The independent inquiry into Tayside mental health services is to ramp up its investigation after receiving hundreds of public submissions.
Inquiry chairman David Strang has revealed he and his team have received more than 200 written submissions after issuing a call for evidence on September 5. Of those, 50 were received within the first week.
In addition, more than 50 requests to give verbal evidence have been received since the call for interviews went out on October 1. So far, 24 interviews have been carried out.
The inquiry will now look to be more “proactive” in its approach to assessing mental health services in the region, according to Mr Strang.
Inquiry members will look to meet up with healthcare workers such as doctors, student nurses and psychologists in the new year to build a more complete picture of Tayside’s services – both positive and negative.
Mr Strang said: “It’s been quite passive on our part so far, so we now have a plan to be more proactive.

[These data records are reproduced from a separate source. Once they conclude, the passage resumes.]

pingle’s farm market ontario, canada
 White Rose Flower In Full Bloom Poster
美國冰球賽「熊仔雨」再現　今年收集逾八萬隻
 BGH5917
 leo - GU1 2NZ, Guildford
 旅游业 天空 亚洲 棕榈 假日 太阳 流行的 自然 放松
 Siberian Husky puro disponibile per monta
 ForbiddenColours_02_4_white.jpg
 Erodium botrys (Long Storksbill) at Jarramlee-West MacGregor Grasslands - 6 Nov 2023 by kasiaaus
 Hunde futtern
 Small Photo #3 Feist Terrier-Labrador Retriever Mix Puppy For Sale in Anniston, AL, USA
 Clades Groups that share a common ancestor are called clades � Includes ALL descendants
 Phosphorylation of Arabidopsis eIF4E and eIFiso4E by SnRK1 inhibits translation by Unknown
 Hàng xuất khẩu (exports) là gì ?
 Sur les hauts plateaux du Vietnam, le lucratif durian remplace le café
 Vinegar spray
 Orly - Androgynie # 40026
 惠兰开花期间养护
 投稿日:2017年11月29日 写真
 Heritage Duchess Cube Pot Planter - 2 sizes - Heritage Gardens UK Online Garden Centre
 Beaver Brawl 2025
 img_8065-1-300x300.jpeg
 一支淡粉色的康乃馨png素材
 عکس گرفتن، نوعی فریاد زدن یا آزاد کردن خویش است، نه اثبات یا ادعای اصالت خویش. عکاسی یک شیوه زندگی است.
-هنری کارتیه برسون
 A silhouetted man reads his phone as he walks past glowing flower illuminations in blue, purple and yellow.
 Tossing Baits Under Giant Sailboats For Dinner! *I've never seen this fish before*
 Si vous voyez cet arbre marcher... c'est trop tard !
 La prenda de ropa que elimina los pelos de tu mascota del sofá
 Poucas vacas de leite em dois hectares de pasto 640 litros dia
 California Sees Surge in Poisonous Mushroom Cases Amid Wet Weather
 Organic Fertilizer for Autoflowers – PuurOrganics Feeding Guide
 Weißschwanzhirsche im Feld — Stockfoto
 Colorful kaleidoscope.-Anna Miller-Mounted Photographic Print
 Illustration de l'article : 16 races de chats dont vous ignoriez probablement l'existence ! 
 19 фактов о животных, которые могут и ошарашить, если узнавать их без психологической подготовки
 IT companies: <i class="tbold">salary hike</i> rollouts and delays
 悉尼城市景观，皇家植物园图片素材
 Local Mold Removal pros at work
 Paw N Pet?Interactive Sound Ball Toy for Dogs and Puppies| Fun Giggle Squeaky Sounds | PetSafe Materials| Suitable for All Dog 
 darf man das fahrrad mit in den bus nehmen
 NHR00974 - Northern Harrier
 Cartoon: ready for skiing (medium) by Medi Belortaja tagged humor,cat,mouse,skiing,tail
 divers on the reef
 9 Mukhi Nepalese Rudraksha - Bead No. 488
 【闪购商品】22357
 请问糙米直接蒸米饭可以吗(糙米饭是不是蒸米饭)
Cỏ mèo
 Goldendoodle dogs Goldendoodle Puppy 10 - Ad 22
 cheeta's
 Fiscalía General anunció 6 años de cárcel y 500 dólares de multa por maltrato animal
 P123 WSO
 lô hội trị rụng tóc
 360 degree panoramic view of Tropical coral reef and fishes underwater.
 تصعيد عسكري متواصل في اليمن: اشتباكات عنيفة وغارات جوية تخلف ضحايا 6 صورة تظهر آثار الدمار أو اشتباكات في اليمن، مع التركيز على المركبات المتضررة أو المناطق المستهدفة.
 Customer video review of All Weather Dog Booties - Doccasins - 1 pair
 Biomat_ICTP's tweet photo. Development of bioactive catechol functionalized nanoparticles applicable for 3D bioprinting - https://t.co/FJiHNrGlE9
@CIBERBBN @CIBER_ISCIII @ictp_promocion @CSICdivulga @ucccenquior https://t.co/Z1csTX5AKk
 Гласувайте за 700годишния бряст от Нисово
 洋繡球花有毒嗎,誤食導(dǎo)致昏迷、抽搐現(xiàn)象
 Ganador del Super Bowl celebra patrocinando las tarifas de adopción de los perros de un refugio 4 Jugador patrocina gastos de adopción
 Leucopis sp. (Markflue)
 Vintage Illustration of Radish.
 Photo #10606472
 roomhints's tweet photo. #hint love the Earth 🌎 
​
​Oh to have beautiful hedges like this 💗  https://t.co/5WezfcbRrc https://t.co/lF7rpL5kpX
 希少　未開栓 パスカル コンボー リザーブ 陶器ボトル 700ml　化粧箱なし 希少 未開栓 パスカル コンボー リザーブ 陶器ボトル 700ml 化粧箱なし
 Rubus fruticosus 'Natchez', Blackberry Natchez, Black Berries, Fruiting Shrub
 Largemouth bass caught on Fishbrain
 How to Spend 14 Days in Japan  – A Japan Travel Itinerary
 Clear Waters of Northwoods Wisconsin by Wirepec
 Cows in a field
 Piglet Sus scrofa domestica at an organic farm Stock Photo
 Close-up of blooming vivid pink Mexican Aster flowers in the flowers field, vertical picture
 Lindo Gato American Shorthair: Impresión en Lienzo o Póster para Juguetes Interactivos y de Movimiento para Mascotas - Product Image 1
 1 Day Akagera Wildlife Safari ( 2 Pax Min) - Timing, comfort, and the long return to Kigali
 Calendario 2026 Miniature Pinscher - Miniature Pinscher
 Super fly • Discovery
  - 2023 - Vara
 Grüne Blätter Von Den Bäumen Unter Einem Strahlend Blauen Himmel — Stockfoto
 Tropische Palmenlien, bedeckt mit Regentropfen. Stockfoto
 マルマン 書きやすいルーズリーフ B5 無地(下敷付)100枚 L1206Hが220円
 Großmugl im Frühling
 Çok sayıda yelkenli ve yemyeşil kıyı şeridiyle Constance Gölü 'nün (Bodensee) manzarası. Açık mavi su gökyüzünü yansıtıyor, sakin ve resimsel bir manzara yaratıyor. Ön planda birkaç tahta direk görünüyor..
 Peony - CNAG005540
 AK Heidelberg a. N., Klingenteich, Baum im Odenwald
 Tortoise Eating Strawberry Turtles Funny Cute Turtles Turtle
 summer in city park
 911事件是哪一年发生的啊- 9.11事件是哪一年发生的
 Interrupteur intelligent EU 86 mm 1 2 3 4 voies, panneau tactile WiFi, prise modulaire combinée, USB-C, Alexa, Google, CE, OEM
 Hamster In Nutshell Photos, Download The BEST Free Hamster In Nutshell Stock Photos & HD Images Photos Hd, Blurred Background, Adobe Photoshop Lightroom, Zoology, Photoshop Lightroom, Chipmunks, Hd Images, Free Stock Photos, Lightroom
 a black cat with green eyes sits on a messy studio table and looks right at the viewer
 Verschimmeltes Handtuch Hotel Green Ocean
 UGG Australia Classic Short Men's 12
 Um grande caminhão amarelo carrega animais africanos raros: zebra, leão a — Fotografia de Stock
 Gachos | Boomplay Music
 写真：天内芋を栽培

It feels to us a real responsibility because people are looking forward to our conclusions.”
The inquiry was set up after several suicides of people who had used Tayside mental health services, such as Dundee’s Carseview Centre.
Families of a number of people who have died are continuing to press for a full public inquiry.
The inquiry is operating independently of NHS Tayside and the Scottish Government – but NHS staff are being asked for their views.
Jenny Alexander, employee director at the health board, said a survey sent out earlier this week as part of the inquiry has already been responded to by a fifth of workers.
This week also marked the publication of one of the first reports as part of the inquiry, compiled by the Health and Social Care Alliance Scotland (the Alliance).
Alliance working groups held workshops with health workers, carers and mental health service users to get “real, lived” experiences of mental health issues.
Among other recommendations, the organisation concluded that Tayside should have out-of-hours crisis intervention centres for emergencies. For those getting treatment for mental health issues, “long-term recovery” plans need to be considered to avoid complications in future.
NHS Tayside is continuing to pursue a pre-planned shake-up of its existing mental health services while the inquiry continues.
Chairman John Brown said: “Since we commissioned the independent inquiry, we have always said that one of the most critical parts of the work was ensuring that those people with real, lived experiences of mental health services would have a strong voice. I’d like to thank the Alliance on behalf of the board for leading this work (and) I’d like to thank those who participated for their honest accounts.
“I’d like to restate NHS Tayside’s commitment to keep listening to people, learning lessons and undertaking the right kinds of changes which will transform our mental health services.”
He told Mr Strang at an NHS meeting yesterday: “Thank you for what you are doing – the Alliance report gives us an idea of what (our future services) may look like.”
The inquiry has no fixed end date but aims to produce a catalogue of findings and recommendations at its close, to which NHS Tayside is expected to respond.